La recepción de los documentos eclesiales siempre se moverá entre el hastío de
la carga y la esperanza de la oportunidad. Breve, pues no llega a las cuarenta
páginas, la aportación de los pastores meridionales se estructura con sencillez
y se lee con agilidad. Tras la introducción, recuerdan la relación de la piedad
popular con la profesión de fe, con la liturgia, con el apostolado y con la
vida de oración. Desde allí, la piedad del pueblo, se llega a las hermandades,
a lo institucional por muy populares que se reivindiquen algunos cofrades, como
queriendo desvincularse de la Iglesia-institución donde su identidad nace y
crece. Es precisamente de la dichosa identidad de lo que hablan los obispos de
esas diez diócesis: de la identidad católica de las cofradías. Las exhortan a
atender la llamada del Sucesor de Pedro y, a lo largo de toda la carta, van
entrelazando lo que en el magisterio de Pablo VI, Juan Pablo II, Benedicto XVI
y Francisco se refiere a la piedad popular y a las hermandades. Enviadas a la
tarea de la nueva evangelización, otorgan a estas comunidades tres hermosas
definiciones, algo que ya son en parte y hacia lo que pueden caminar: escuelas
de vida cristiana, refugios de misericordia y portadoras de esperanza.
Afirman
los obispos que «la primera preocupación de una Junta de gobierno, en cuanto
cabeza de una hermandad, debe ser llevar el evangelio a todos sus miembros. Si
la pertenencia a una hermandad no convierte en mejores católicos a sus
miembros, de poco o nada sirven sus esfuerzos. Las tareas, proyectos o
preocupaciones de quienes están al frente de una Hermandad no deberían
centrarse prioritariamente en mejorar su patrimonio material, sino en el
cuidado espiritual y corporal de quienes forman la hermandad. La riqueza de una
hermandad son las personas y, entre ellas, especialmente, las más necesitadas».

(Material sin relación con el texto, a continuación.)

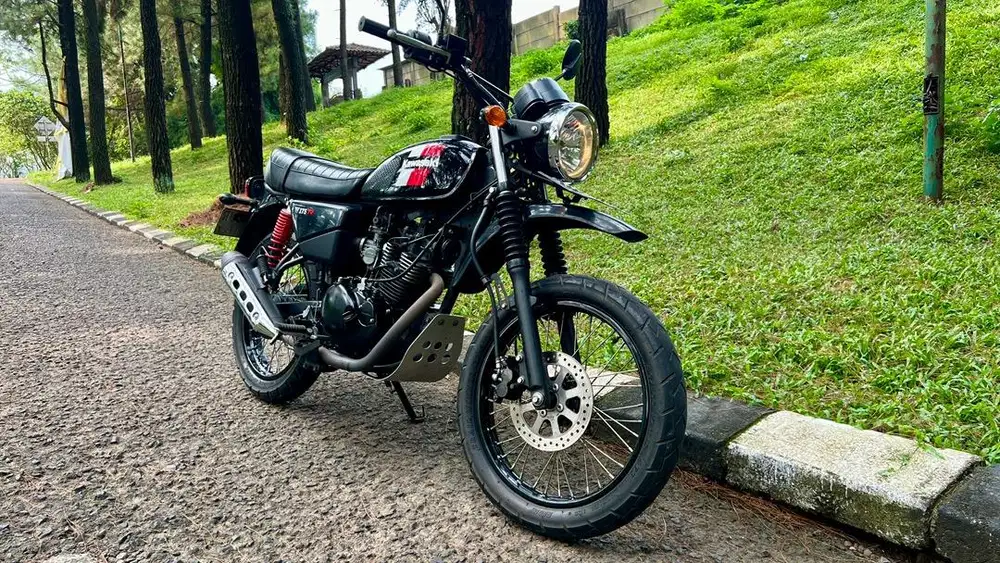Kawasaki W 175 TR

Desde esta premisa, animan a las cofradías a ser refugios de misericordia para
sanar en Cristo las heridas del hombre de hoy. Son claros: «Nada hay más
contrario a la vida de una hermandad que las divisiones y enfrentamientos entre
quienes la forman. Nada más alejado de una persona que se dice cofrade o de
hermandades, que vivir en contra de la enseñanza de la Iglesia en materia de fe
y moral». Se fijan en la verdad del amor conyugal y la familia, en la comunión
de bienes entre miembros más y menos pudientes, en la vida interior frente al
riesgo evidente de caer en la espectacularidad. Como remedios, como medios para
ejercer esa misión de misericordioso refugio, orientan a partir de palabras del
papa Francisco: los sacramentos, la oración y las devociones, el testimonio de
la caridad. Es decir, lo de siempre, lo que anida en el origen de las cofradías
y ha venido configurando su devenir histórico.
Mientras
los obispos de nuestras diócesis leonesas y castellanas, los de la llamada «Región
del Duero», acaso estén considerando dirigirse pastoralmente con una carta a
las cofradías de estas tierras de churras y merinas, cabe repetir la conclusión
de los del «Sur de España», recabada de la profética Evangelii nuntiandi de Pablo VI, el día de la Inmaculada del
jubilar 1975: «Con la Virgen María recibimos, custodiamos y transmitimos a
Cristo, el Salvador. En la mañana de
Pentecostés, ella presidió con su oración el comienzo de la evangelización bajo
el influjo del Espíritu Santo. Sea ella la estrella de la evangelización
siempre renovada que la Iglesia, dócil al mandato del Señor, debe promover y
realizar, sobre todo en estos tiempos difíciles y llenos de esperanza».